Where God Calls You

Michael Gibson has found a new purpose in life as a theology major at Southwestern.

Michael Gibson thought he wanted to become an engineer, but by the time he got to his senior year of high school he decided engineering wasn’t meant for him. It took a late night encounter with a homeless mother and child in the Philippines to convince him that God indeed had a plan for him.

During his junior year at Sandia View Academy, Gibson signed up for an evangelistic mission trip to the Philippines. Thinking he could help out with audio/visual needs, he was thoroughly surprised when his principal told him that he would be preaching at one of the many sites where evangelistic meetings would be held.

“God, if this is what you want me to do, you’re going to have to make me want to do it because I really don’t want to do it,” Gibson remembers praying. “So I started preparing the sermons and I started getting into it.
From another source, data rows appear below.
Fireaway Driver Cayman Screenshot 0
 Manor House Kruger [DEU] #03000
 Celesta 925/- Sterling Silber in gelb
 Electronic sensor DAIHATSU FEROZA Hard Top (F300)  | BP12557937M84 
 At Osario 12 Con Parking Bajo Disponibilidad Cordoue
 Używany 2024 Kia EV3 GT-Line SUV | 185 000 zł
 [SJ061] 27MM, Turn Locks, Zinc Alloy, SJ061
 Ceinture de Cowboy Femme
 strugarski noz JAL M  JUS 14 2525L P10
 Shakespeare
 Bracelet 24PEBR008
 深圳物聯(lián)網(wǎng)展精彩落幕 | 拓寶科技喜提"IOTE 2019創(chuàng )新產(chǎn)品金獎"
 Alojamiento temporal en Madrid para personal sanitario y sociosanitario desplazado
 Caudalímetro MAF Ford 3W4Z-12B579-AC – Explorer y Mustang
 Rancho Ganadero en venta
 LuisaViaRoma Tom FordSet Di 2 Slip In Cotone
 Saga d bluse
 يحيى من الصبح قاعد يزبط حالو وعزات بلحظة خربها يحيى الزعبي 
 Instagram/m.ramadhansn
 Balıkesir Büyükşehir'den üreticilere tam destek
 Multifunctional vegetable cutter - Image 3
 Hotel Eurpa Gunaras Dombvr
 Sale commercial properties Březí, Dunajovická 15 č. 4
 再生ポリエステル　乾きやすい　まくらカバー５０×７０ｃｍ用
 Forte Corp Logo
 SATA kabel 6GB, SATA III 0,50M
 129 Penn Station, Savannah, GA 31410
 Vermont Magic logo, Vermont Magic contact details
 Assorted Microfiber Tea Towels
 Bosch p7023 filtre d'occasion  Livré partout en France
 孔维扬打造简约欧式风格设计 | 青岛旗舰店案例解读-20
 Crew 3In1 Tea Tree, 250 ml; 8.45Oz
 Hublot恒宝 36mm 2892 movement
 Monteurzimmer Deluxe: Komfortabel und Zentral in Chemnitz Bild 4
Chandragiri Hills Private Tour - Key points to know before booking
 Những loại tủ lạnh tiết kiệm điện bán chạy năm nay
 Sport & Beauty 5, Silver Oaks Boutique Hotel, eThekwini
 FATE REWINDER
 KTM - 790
When I got to my site the first night, it was just a perfect fit. I felt right at home just speaking and being a minister to those people there. It felt like the right thing I needed to do in my life. It was where I fit in.”

But the most significant moment for Gibson took place late one night during the trip. Everybody got the day off to go explore and relax at an island resort. The group had the option of staying or going to the island, so Gibson and three other people decided to go to their sites.

After the meetings that night, they decided to go buy ice cream from a McDonald’s down the road. As they walked to it, they passed an old woman who was asking for food and then a second woman with a small child.

“We went into McDonald’s and we just stood there, nobody really making a move to do anything,” says Gibson. All of a sudden, one of the girls in the group went up to the counter and ordered a huge meal, confusing the others. She walked outside and went up the older woman to give her the food and then they all prayed with her. The girl who bought the food then hugged the older lady.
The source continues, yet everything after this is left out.